Consider the following density function (unnormalized) $$p(y;b)=\int_{0}^{\infty}\dfrac{\exp\left(-\frac{y^2}{2\left(b+\frac 5u\right)}\right)}{\sqrt{b+\frac 5u}} u^{1/2}\exp\left(-\dfrac{2u}{3}\right)du.$$
Is it true that $p(y;b)$ is a log-concave function in $b$ when $y$ is considered fixed?
My attempt: First of all, It is easy to plot $\log p(y;b)$ as a function of $b$ for a fixed value of $y$, and I've gotten a good hint that the curve is indeed concave. Note that one can think of $p(y;b)$ as a scale mixture of normal-gamma densities. I am aware that normal and gamma both are log-concave densities. However, I am not immediately able to see why that makes $p(y;b)$ log-concave as well. It is useful to know that the integral cannot be put into any standard closed form. One idea I had was to look at the integral as an expectation $p(y;b)=\mathbb{E}_u[\text{integrand}]$, where $u\sim \text{Gamma}(3/2,3/2)$, but this route requires the joint (log)concavity of the integrand in $(b,u)$ which seems like a formidable task to check through the means of the Hessian. Is there any other approach one can take to prove the proposed log-concavity?
PS: there was a trivial error in my previous argument (where I said those Hessians are negative definite, in fact, they aren't).

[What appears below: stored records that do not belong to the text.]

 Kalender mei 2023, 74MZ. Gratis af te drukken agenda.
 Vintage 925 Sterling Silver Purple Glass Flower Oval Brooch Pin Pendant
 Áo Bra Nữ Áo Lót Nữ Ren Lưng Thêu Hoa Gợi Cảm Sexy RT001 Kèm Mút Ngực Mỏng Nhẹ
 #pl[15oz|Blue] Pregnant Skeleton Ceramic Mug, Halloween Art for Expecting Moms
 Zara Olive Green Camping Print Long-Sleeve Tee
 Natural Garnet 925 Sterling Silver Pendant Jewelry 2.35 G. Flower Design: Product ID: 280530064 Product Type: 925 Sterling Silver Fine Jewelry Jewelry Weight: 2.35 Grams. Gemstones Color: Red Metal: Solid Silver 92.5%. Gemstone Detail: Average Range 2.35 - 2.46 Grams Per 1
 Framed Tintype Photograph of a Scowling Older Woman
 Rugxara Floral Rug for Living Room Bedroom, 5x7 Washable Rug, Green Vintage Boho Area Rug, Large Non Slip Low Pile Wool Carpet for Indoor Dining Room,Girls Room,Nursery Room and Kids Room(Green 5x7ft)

The question remains open.
I realized that the function $p(y;b)$ cannot be a log-concave for all fixed $y$. Let me show this for $y=0$. In this case, $$p(0;b)=\int_{0}^{\infty}\dfrac{1}{\sqrt{b+\frac 5u}} u^{1/2}\exp\left(-\dfrac{2u}{3}\right)du.$$
is both convex and log-convex over $b>0$.
Considering that the function $$\frac{1}{\sqrt{b+\frac 5u}}$$ is well-defined and convex over $b>0$ for any fixed value of $u>0$, $p(0;b)$ is also convex in $b$.
Moreover, after applying the transformation $x=\frac{5}{u}$, the integration used in the definition of $p(0;b)$ can be calculated explicitly, see this Wolfram link: explicit formula of $p(0;b)$. The log of this function, which is plotted here: plot of $\log p(0;b)$, is clearly a convex function over $b>0$.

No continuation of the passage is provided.